PROBLEM: Nothing but the line holding "Exquisite And Dainty" and the lines after it, through the end of the records, should be set down, each exactly as it is.

(Beginning of EXERCISE INPUTS)

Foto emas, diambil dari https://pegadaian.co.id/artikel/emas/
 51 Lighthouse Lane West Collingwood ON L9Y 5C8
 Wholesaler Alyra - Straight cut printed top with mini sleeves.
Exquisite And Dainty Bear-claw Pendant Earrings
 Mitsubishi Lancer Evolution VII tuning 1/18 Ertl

(End of EXERCISE INPUTS)

TASK RESPONSE:
Exquisite And Dainty Bear-claw Pendant Earrings
 Mitsubishi Lancer Evolution VII tuning 1/18 Ertl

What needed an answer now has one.